> STORED DATA:
------------

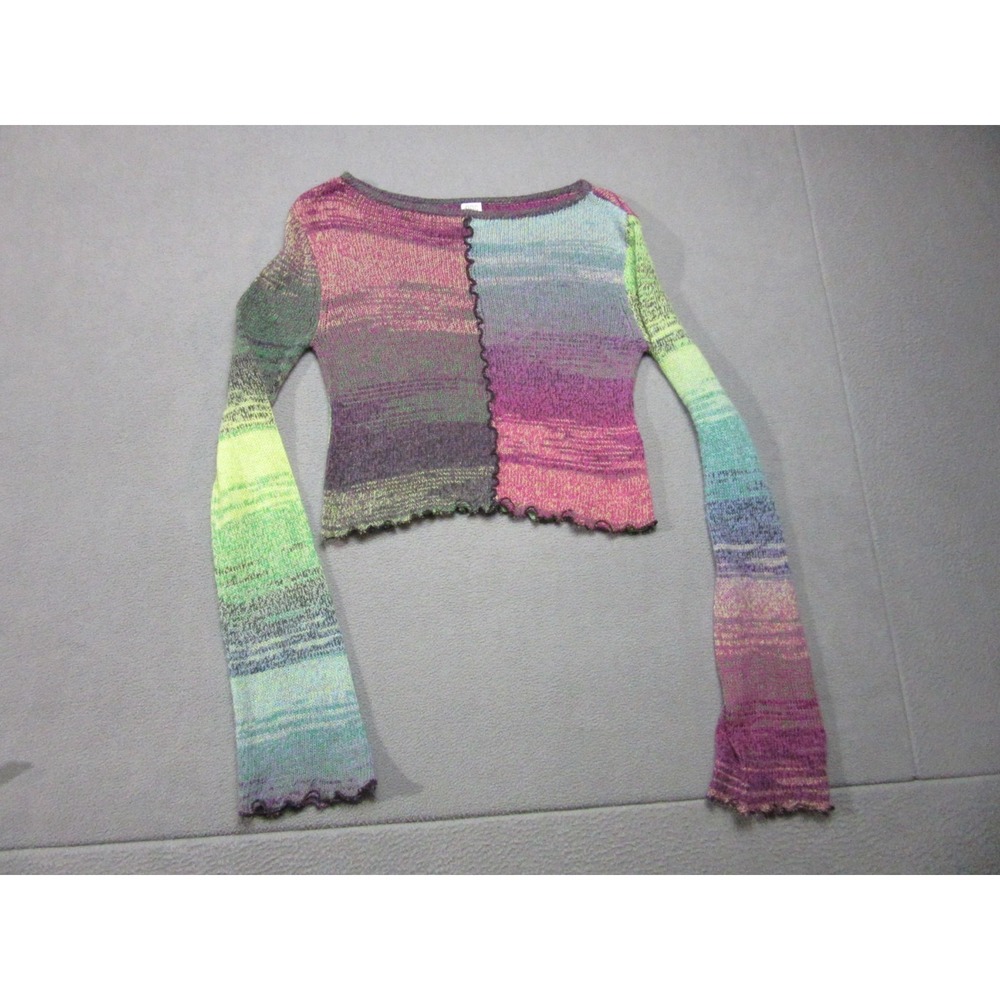 BDG Urban Outfitters Top Womens Large Multicolor Space Dye Knit Seamed Cropped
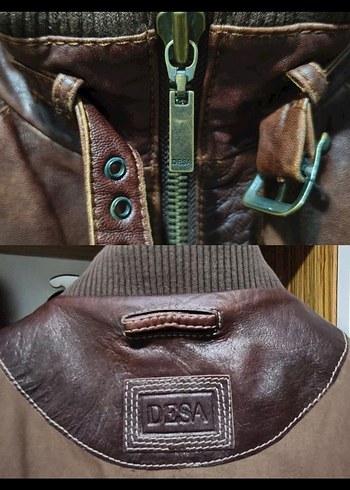 Desa Kahverengi Deri Biker Ceket - Görsel 7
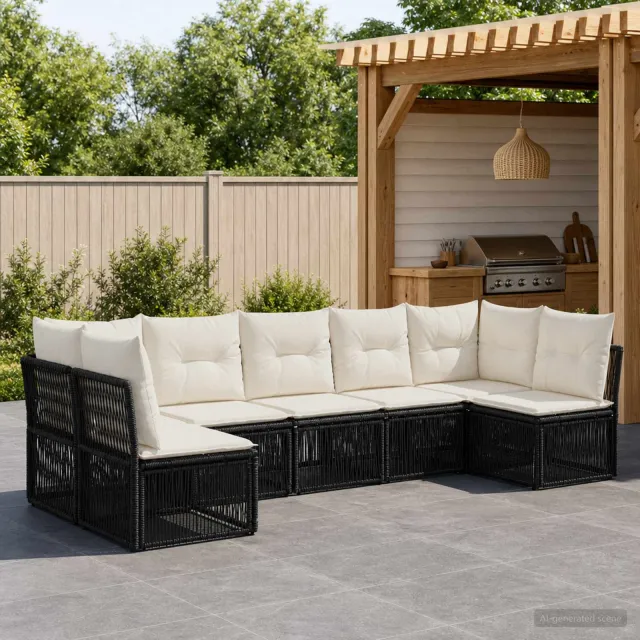 vidaXL Tuinbankenset 7 st Zwart poly rattan, foto 2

------------

When you retype the material above, keep every word exact and drop the images.

 BDG Urban Outfitters Top Womens Large Multicolor Space Dye Knit Seamed Cropped
 Desa Kahverengi Deri Biker Ceket - Görsel 7
 vidaXL Tuinbankenset 7 st Zwart poly rattan, foto 2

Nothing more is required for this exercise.